_TASK PROMPT_
Restate each record below word for word, skipping images.

┄┄┄┄┄┄

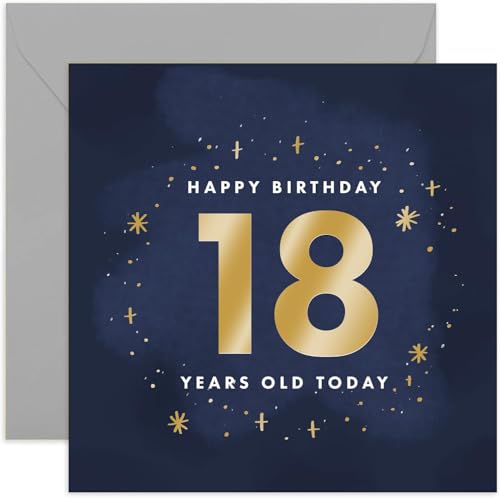 Old English Co. 18 Today Birthday Card for Man or Woman - Gold Foil Sparkle Stars Birthday Card for Him or Her - Shiny 18th Birthday Card for Son, Daughter, Niece, Nephew | Blank Inside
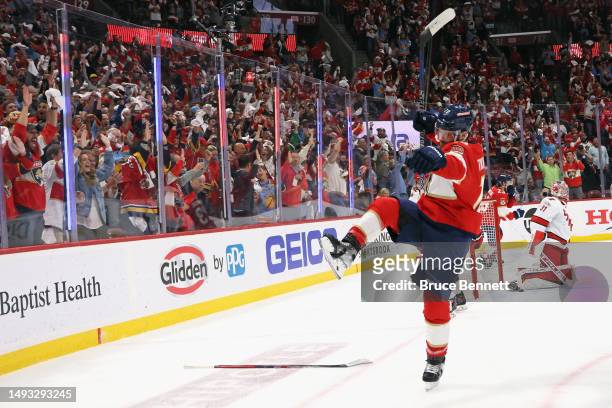 Matthew Tkachuk of the Florida Panthers scores a first period goal against the Carolina Hurricanes in Game Four of the Eastern Conference Finals of...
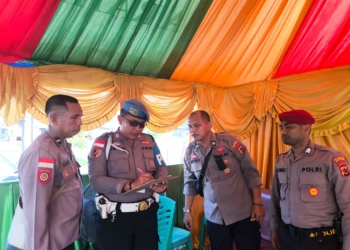 Propam Polresta Wilkum Polda Papua Lakukan Monitoring Ke Pos Ops Lilin Cartenz 2024 di Jayapura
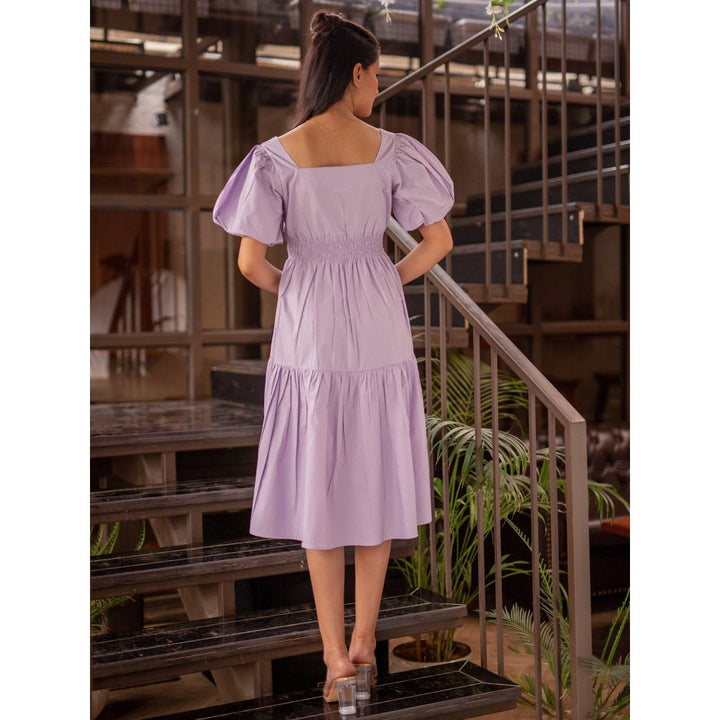 B'Infinite Lilac Bishop Sleeve Shirred Waistline Dress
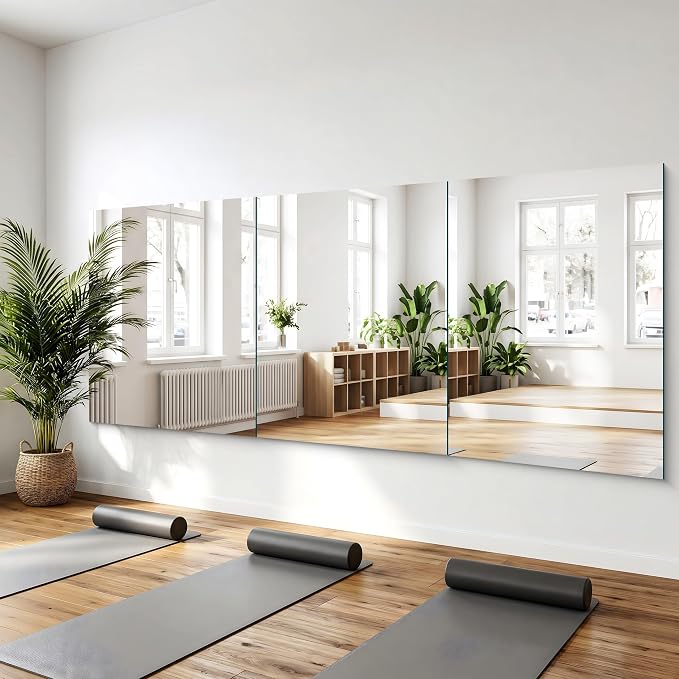 36"x48" Frameless Mirror, Frameless Bathroom Mirror for Over Sink, Rectangle Home Gym Mirror for Wall, Upgraded Shatterproof Wall Mount for Bedroom, Living Room, Dance Studio, Entryway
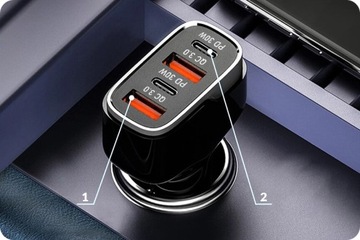 АВТОМОБИЛЬНОЕ ЗАРЯДНОЕ УСТРОЙСТВО Webski 60 Вт 2xUSB 2xUSB TYPE-C PD 30 Вт QC LED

┄┄┄┄┄┄

_ANSWER AREA_
 Old English Co. 18 Today Birthday Card for Man or Woman - Gold Foil Sparkle Stars Birthday Card for Him or Her - Shiny 18th Birthday Card for Son, Daughter, Niece, Nephew | Blank Inside
 Matthew Tkachuk of the Florida Panthers scores a first period goal against the Carolina Hurricanes in Game Four of the Eastern Conference Finals of...
 Propam Polresta Wilkum Polda Papua Lakukan Monitoring Ke Pos Ops Lilin Cartenz 2024 di Jayapura
 B'Infinite Lilac Bishop Sleeve Shirred Waistline Dress
 36"x48" Frameless Mirror, Frameless Bathroom Mirror for Over Sink, Rectangle Home Gym Mirror for Wall, Upgraded Shatterproof Wall Mount for Bedroom, Living Room, Dance Studio, Entryway
 АВТОМОБИЛЬНОЕ ЗАРЯДНОЕ УСТРОЙСТВО Webski 60 Вт 2xUSB 2xUSB TYPE-C PD 30 Вт QC LED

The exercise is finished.